I am guessing that to implement this within Nextflow, there needs to be some kind of a feedback provided by the tool, in the case of ML it's a metric like AUC/Accuracy etc. We could always explicitely add a sed/grep script to the process via afterScript and use that for the feedback, this is inspired from the way nf-core is extracting version info from a process
In addition to this metric, syntactically, we could have something like optimize option for the numeric basic param types like integer, floats and strings.
process foo {
input:
file 'reads.fa' from reads
k from 64, 128, 192, optimize: true
j from "a", "b", "c", optimize: true
output:
file 'k*/contigs.fa' into contigs
"""
abyss-pe -C k$k in=reads.fa
"""
afterScript 'SOME_BASH_COMMAND_OR_SCRIPT', optimization: 'max', strategy: 'brute_force'
}
Then based on the variables j and k and the output of afterScript, Nextflow could selectively launch newer processes as per the grid search strategy. The values provided for the j and k variables would be used to create the search-space.

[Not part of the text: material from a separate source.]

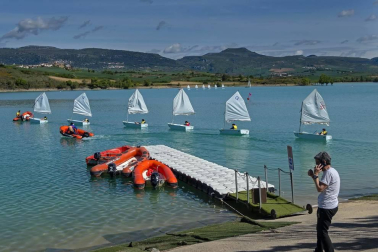 La Semana Azul, entre mascarillas y distancias, permite a 746 escolares de  23 centros educativos navarros participar en la campaña escolar de vela en el embalse de Alloz.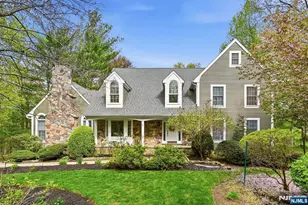 7 Trotters Ln, Mahwah, NJ 07430 - Photo 2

We could also have a stopping metric like maxGridSearch 10 to limit the overall number of process instances launched as part of the grid search.
To begin with, we could a brute force strategy and only have foo with maximum value of afterScript as the final version. Later on, we could add other strategy options such as random or evolutionary.
I could be off the tempo here, but this is just a suggestion for this feature.